The Tecklenborg shipyard was founded by the ship's carpenter Johann Simon Abegg in Bremerhaven in 1842. Abegg's colleague, Johann Carl Tecklenborg, took over the yard in 1845. In the first decades, wooden ships were manufactured. In 1855, a dry dock went into operation, named after the then King George of Hanover.

The company developed, and it was one of the handful of shipbuilding firms which successfully managed the transition to modern iron shipbuilding, backed by share capital. But for this purpose, production had to be moved to the other bank of the River Geeste. In 1881, a piece of land was purchased on the Mühlacker area. There a modern shipbuilding plant came into being, where iron and steel steamers of different types, but also sailing vessels were built and launched. The latter shaped the image of the yard; the five-mast-ships POTOSI (1895) and PREUSSEN (1902) of the famous Hamburg F. Laeisz line for instance are still remembered today in the international sailing community. Laeisz also commissioned the four-mast-barque PADUA. She still sails today as the Russian KRUSENSTERN and has occasionally visited Bremerhaven.

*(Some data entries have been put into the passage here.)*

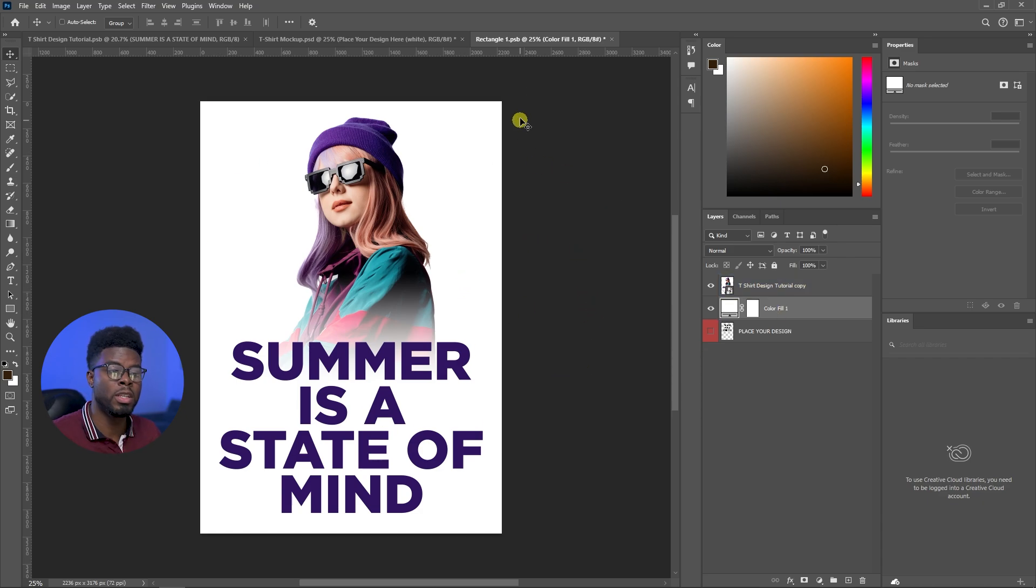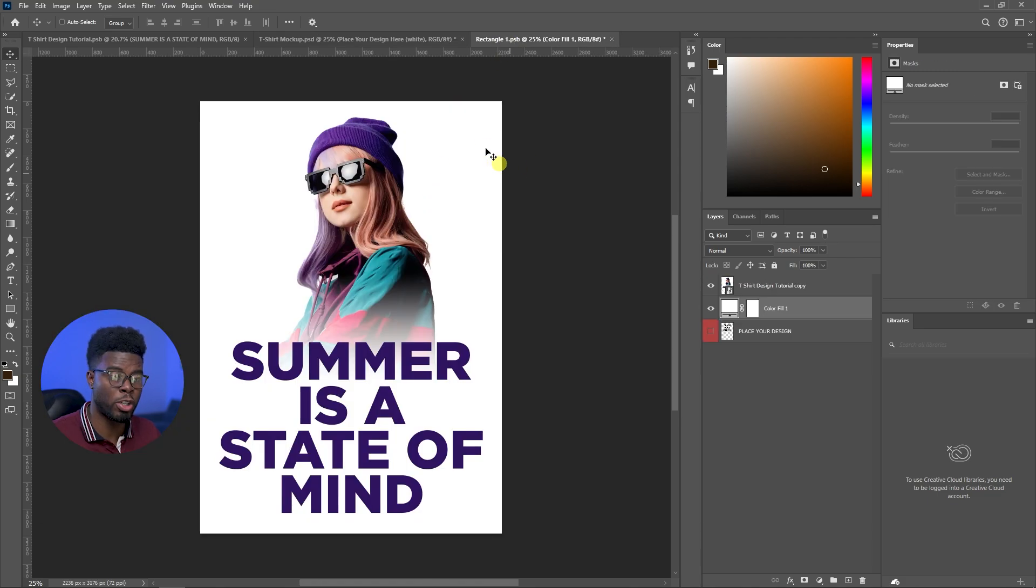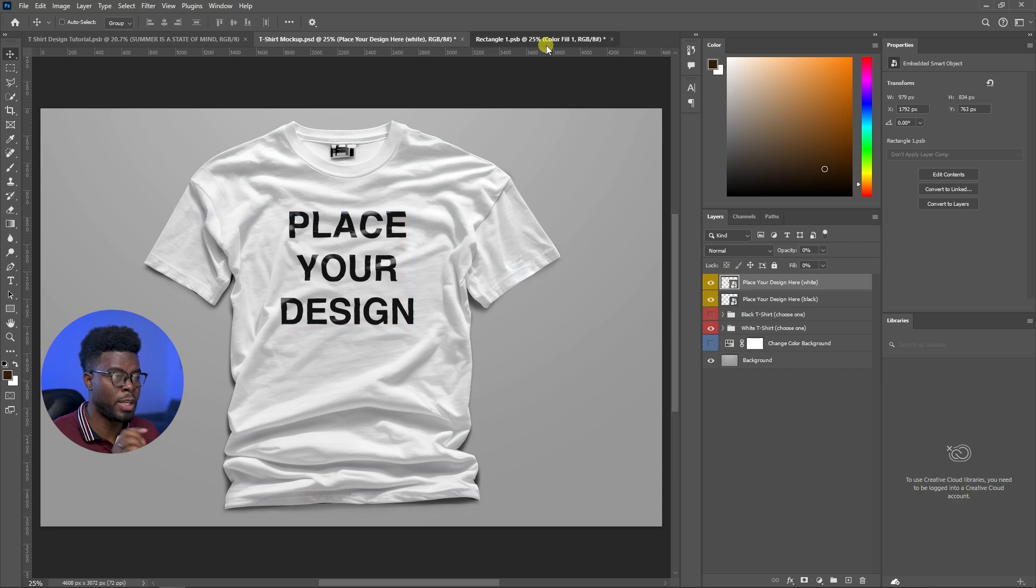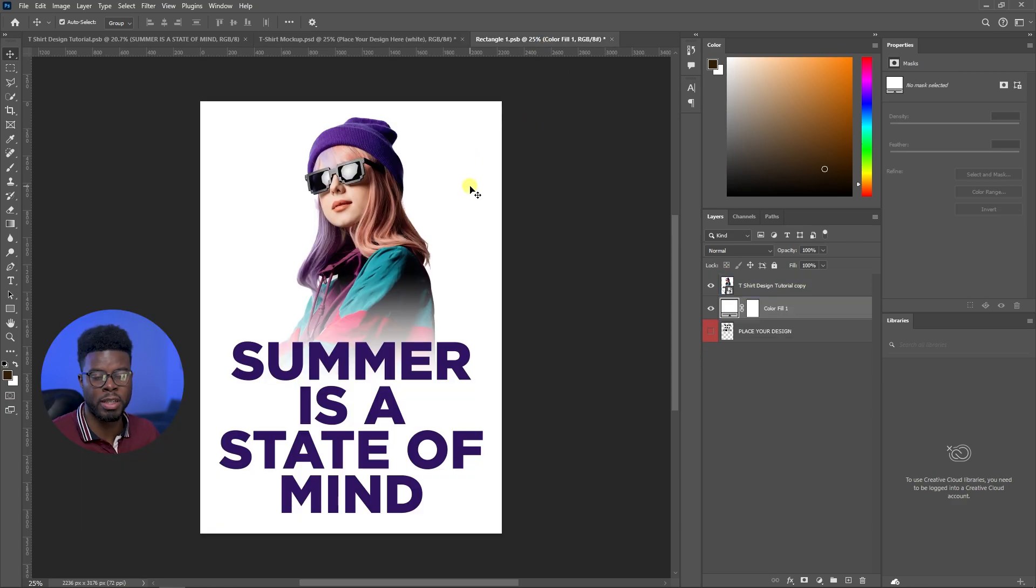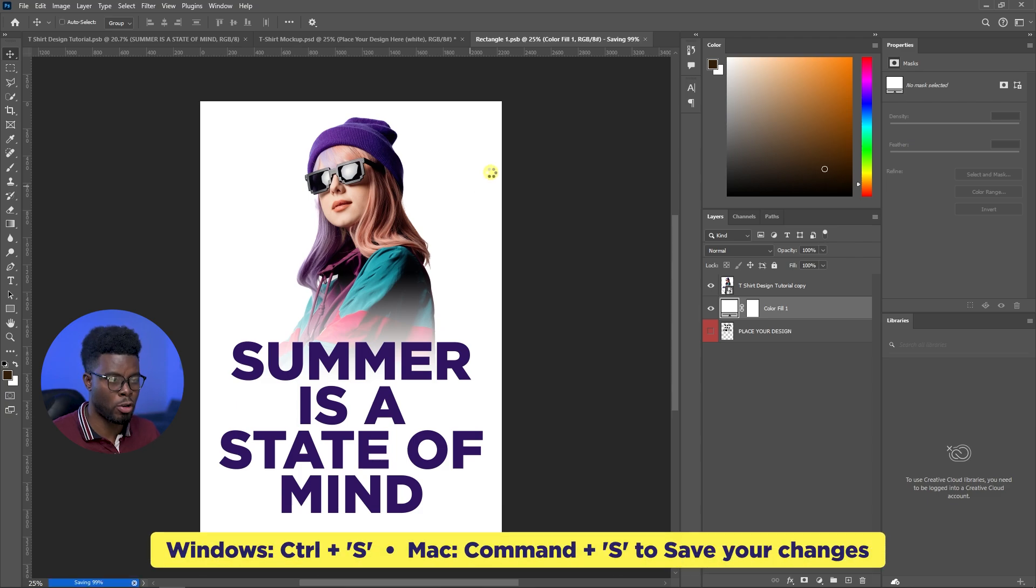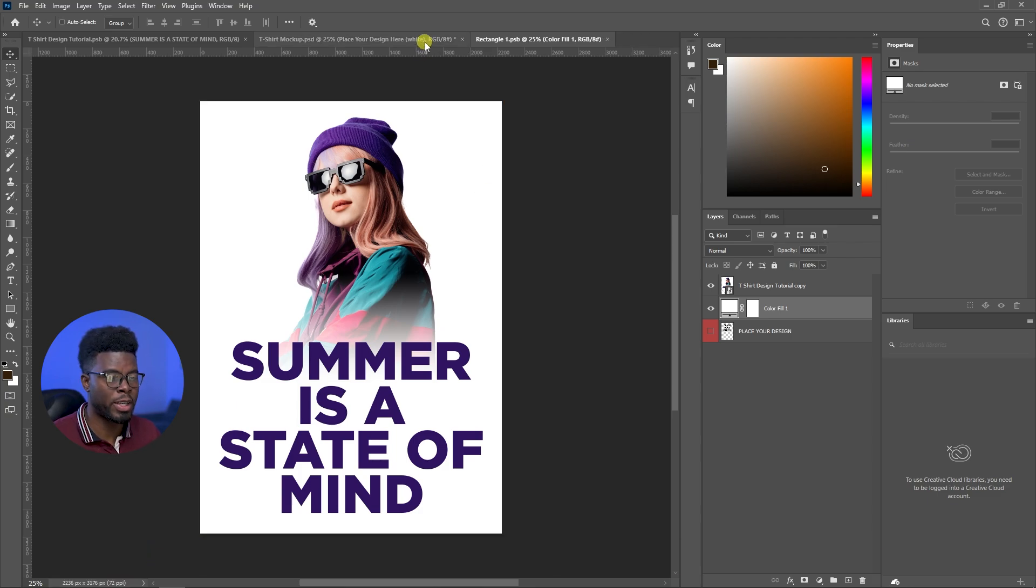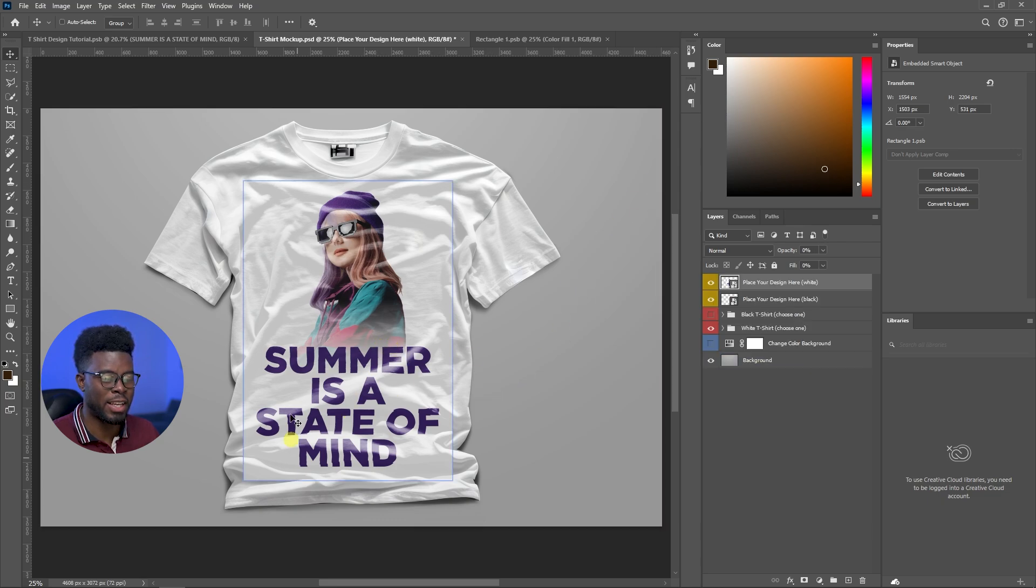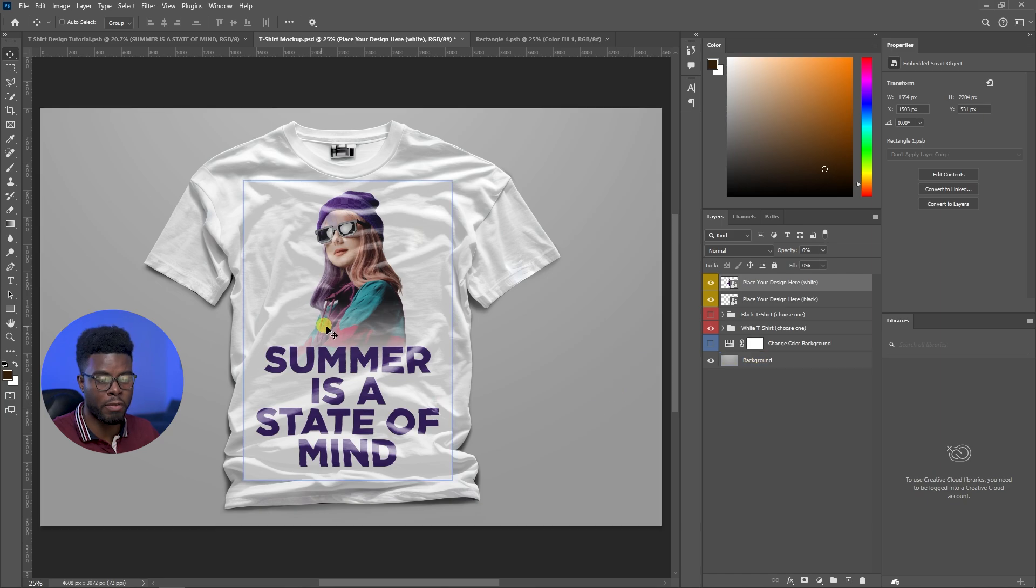Now to see what your design will look like on the mockup, you have to save your smart object, because remember we opened this smart object here, placed our design inside of it. Now we have to save it for the changes to be reflected. Control S to save, command S if you are on Mac. And then if you come back to your t-shirt design, now you can see that your design is here and you can just adjust it if you so desire.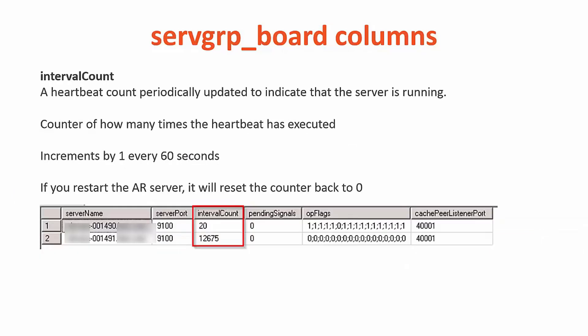The third column is the interval count. This is a heartbeat count periodically updated to indicate that the server is running. For example, it is a count of how many times the heartbeat has executed. It should increment by 1 every 60 seconds. If you restart the AR server, it will reset the counter back to 0.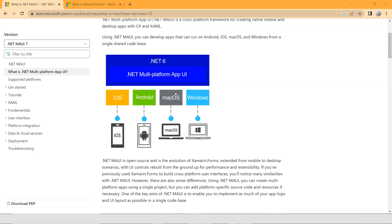Once you create the .NET MAUI project, you see in Visual Studio, there's only one project. That one project allows you to target different platforms. Whereas in Xamarin.Forms...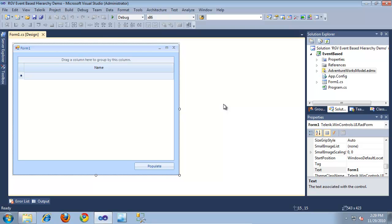By using the event-based hierarchy mode of RadGridView for WinForms, you can load data on demand rather than all up front. Doing so reduces the overall memory footprint of your application and results in faster initial load times of forms containing RadGridViews. In this video, we'll take a look at setting up an event-based hierarchy in RadGridView. Let's get started.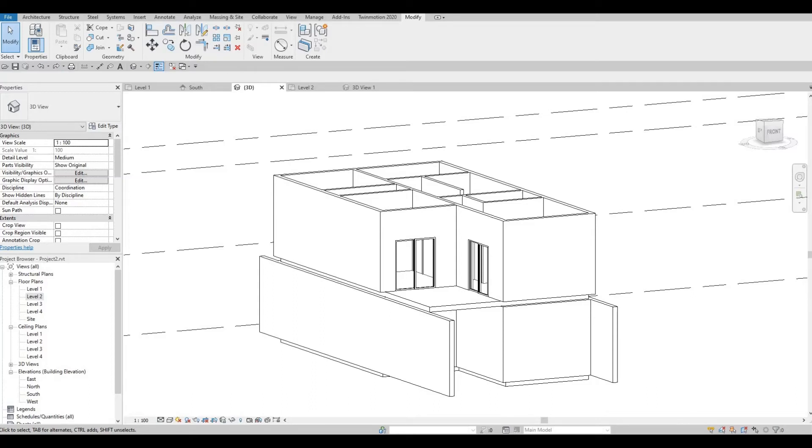Hi everyone, welcome back to my channel. In today's video, we're going to continue working on part 3 of this two-story house. Let's get started.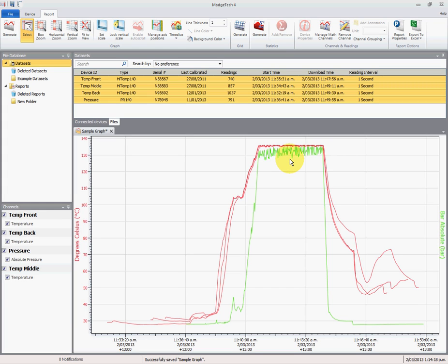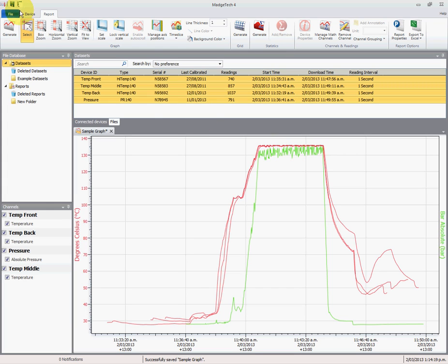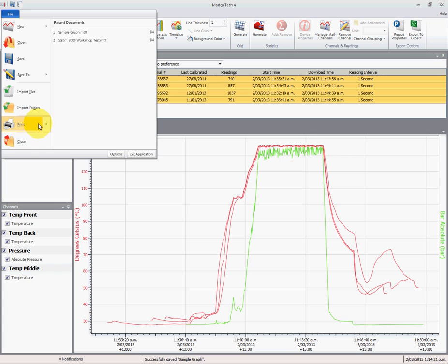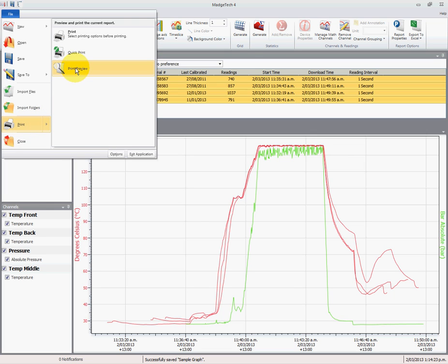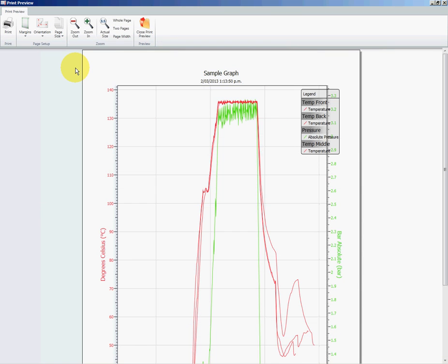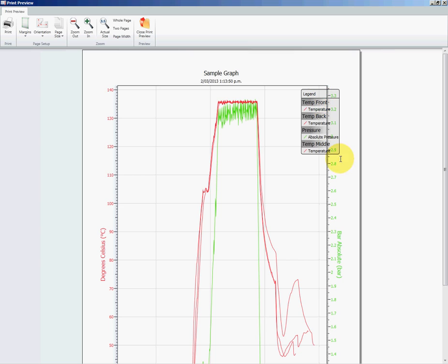So if we go to file, print preview, we'll see what this looks like before we do any changes. You'll notice on the right hand side the legend is obscured over the axis, or the axis is obscured by the legend. So we need to shift both of the axes for the pressure and temperature to be on the left hand side.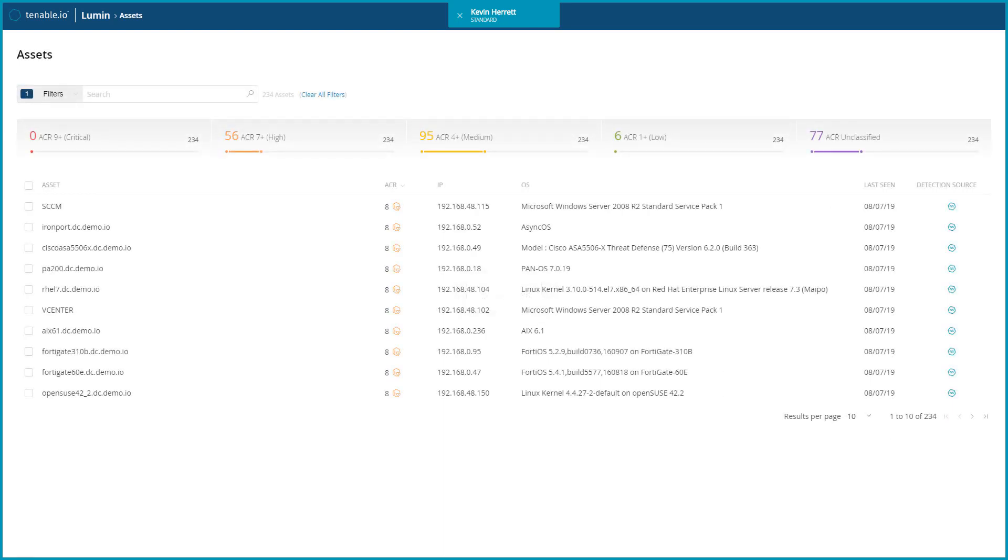It can also be helpful to identify assets which do not have enough data to accurately evaluate their risk profile. Accurate data is crucial, and creating a filter for unscanned assets will identify areas of concern for assets which present an unknown risk.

The international shipbuilding crisis after World War I finally brought an end to the business of the Tecklenborg yard, although the technical know-how and the finances of the company were said to be comparatively sound. But it was taken over by the AG “Weser” shipyard in Bremen and closed down in 1928. What then followed was a dismantling of a quite successful yard, which had become victim of financial interests generated outside the firm. An apartment block on the former shipyard area named Tecklenborg still reminds us of a significant chapter in Bremerhaven shipbuilding history.